First, let me say that Mopti’s Ya Pas de Probleme Hotel is a great place where, only a little surprisingly, there really aren’t any problems without solutions.  We had good food and comfortable lodging, and the price was not exorbitant.  Perhaps the best impression was left when the French owner presented us two solutions to a problem created by his staff, namely: that we were booked into the dormitory at the same time a tour group was supposed to be monopolizing it.  Without hesitation, he offered to split up that group or to give us another room at the same price.  We took the latter option.

Second, I’d like to endorse Mopti as a tourist destination.  The guidebooks malign it.  Other PCVs had bad experiences there.  But we liked it.  (Only one instance of harassment, “Mali is better than Benin” from a punk teenager, even barely deserves mention.)  Sure, there are plenty of guys there who want to take you for a ride – on their boat – or be your guide for the day, but they’re no more bothersome than the mosquitos in Burkina, really.  And yes, there’s only enough to see to fill about 1/2 to 3/4 of the day, but that isn’t necessarily rare in West Africa, from what we’ve seen.

In the morning, we wandered around town, seeing the mosque and taking in the market-town atmosphere.  We visited the boatworks, where we picked up a 10 year old guide, “Ali Farka Touré,” who led us to the older souvenir market.  I say “older,” as there is also a new, well-funded, clean and sparkly Marché des Souvenirs, which we avoided like the plague.  Our souvenir market had vendors who were quite happy to see us – the first customers of the day at 10 in the morning and, so far as we could tell, the only ones apart from one other couple who came along later on.  Though he failed to obtain his great desire, a meal at the (no doubt pricey) Bozo Bar, the kid did get some drinks, a toy car, and half an omelette sandwich for his services, and we got some good souvenirs and gifts.  After omelette sandwiches, we headed back to the hotel, where we enjoyed the pool for a while and relaxed.

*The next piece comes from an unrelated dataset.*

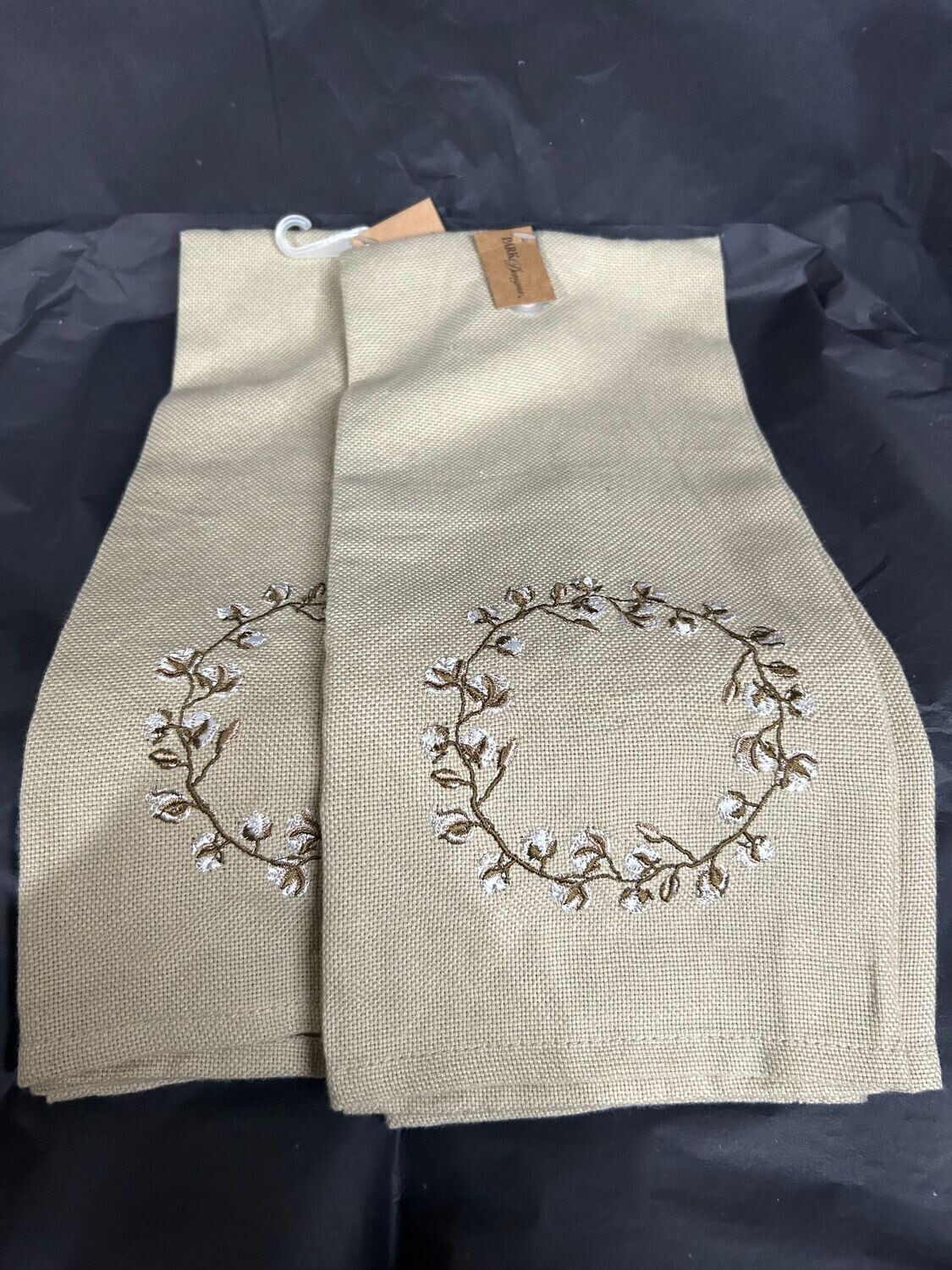 Cotton wreath dishtowel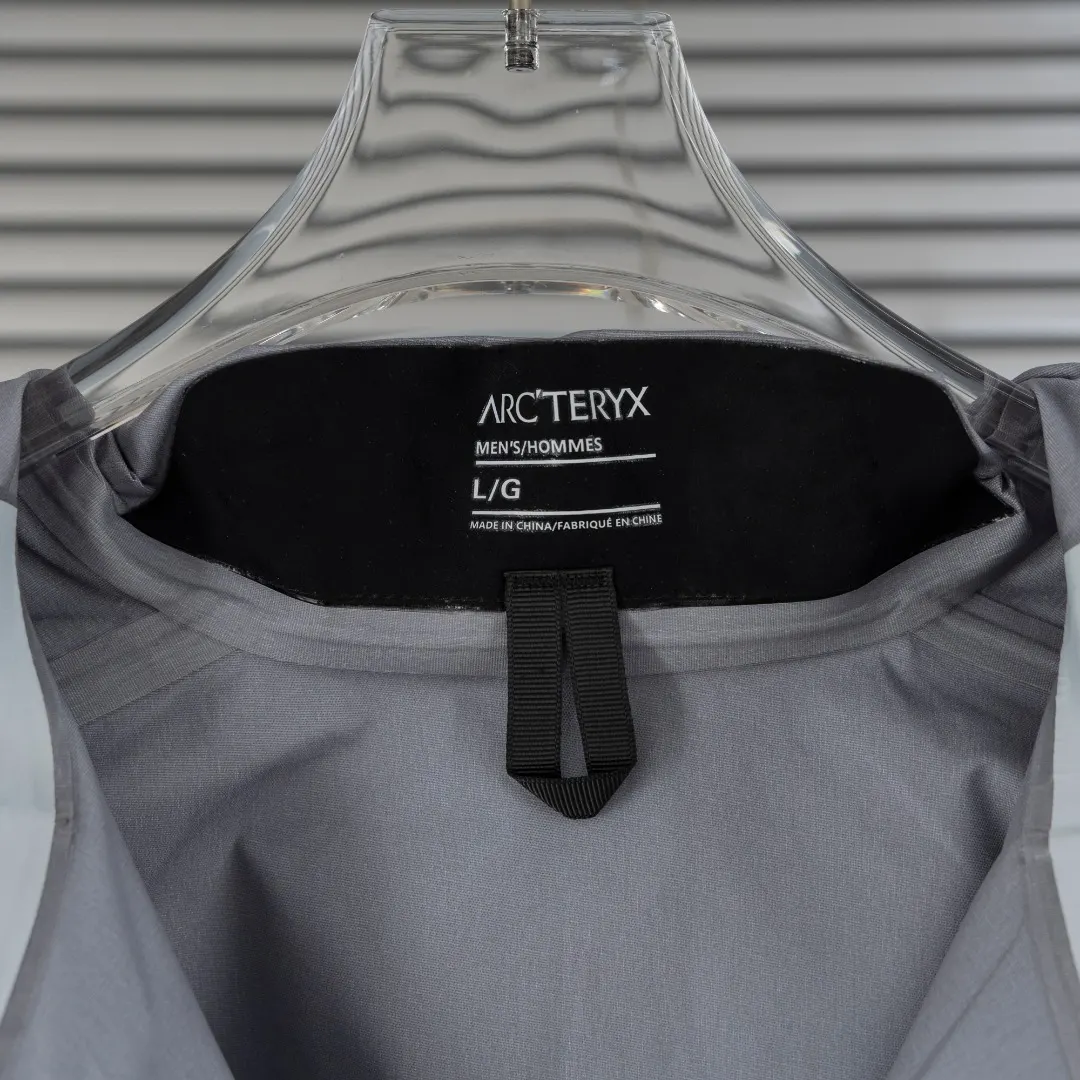 Beta Lightweight GORE-TEX Shell Jacket D39013420 — view 12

In the evening, we headed out with a handicapped high-schooler whose friend had a pirogue on the Bani River, the Niger tributary that flows through Mopti.  A bad idea, it turns out, as Phoebe’s not the greatest fan of small boats, but we did get to see Bozo, Fulani, Songhaï, and other villages, as well as float over the confluence of the Bani and Niger rivers.  Back safely on dry land (ilhumdulillah), we ventured over to the handicapped association’s craftworks.  One has to hand it to the physically disabled in Mali and Benin: many are highly motivated, they band together, and they ambitiously work to improve their lives while providing each other fellowship.

Another night at the hotel, and we began the travel adventure back to Benin.